- Born: August 4, 1969 (age 57) Wiesbaden, Germany
- Education: University of Southern Mississippi
- Occupation: Author
- Writing career
- Period: 2000–present
- Notable works: Kino, The Ashakiran Tape
- Website: jurgenfauth.com

= Jürgen Fauth =

American novelist

Jürgen Fauth (born August 4, 1969, in Wiesbaden, Germany) is a German-American film critic, translator, editor, photographer, and author. His debut novel Kino was published in 2012 by Atticus Books.

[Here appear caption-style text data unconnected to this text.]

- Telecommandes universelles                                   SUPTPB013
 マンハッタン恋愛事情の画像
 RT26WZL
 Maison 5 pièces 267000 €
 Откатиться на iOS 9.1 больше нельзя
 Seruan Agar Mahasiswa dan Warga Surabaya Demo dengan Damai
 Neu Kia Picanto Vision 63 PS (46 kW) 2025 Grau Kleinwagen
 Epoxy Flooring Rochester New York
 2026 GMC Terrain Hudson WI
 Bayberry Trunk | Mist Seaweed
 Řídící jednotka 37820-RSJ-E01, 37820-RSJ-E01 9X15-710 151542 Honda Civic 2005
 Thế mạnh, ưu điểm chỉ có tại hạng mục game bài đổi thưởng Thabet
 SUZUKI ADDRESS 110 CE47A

Jürgen received his doctorate from the Center for Writers at the University of Southern Mississippi. He was a longtime associate editor for fiction at Review Web (now Blip Magazine), and has taught English and Creative Writing at USM and Manhattan's Laboratory Institute of Merchandising. In 1996, Jürgen founded Der Brennende Busch, one of the first German-language literary web magazines. His short fiction has appeared in Berkeley Fiction Review, La Petite Zine, Eclectica, Vestal Review, Chiron Review, Blue Moon Review, among others. He has written for Wiesbadener Kurier, New York Newsday, Flavorpill, and The Huffington Post, and he is a long-time film critic for About.com

In 2008, Jürgen launched the literary community Fictionaut together with Carson Baker. In 2015, Jürgen published the Phish-themed rock'n roll mystery Head Cases Vol. 1: The Ashakiran Tape. He lives in Berlin and Dakar.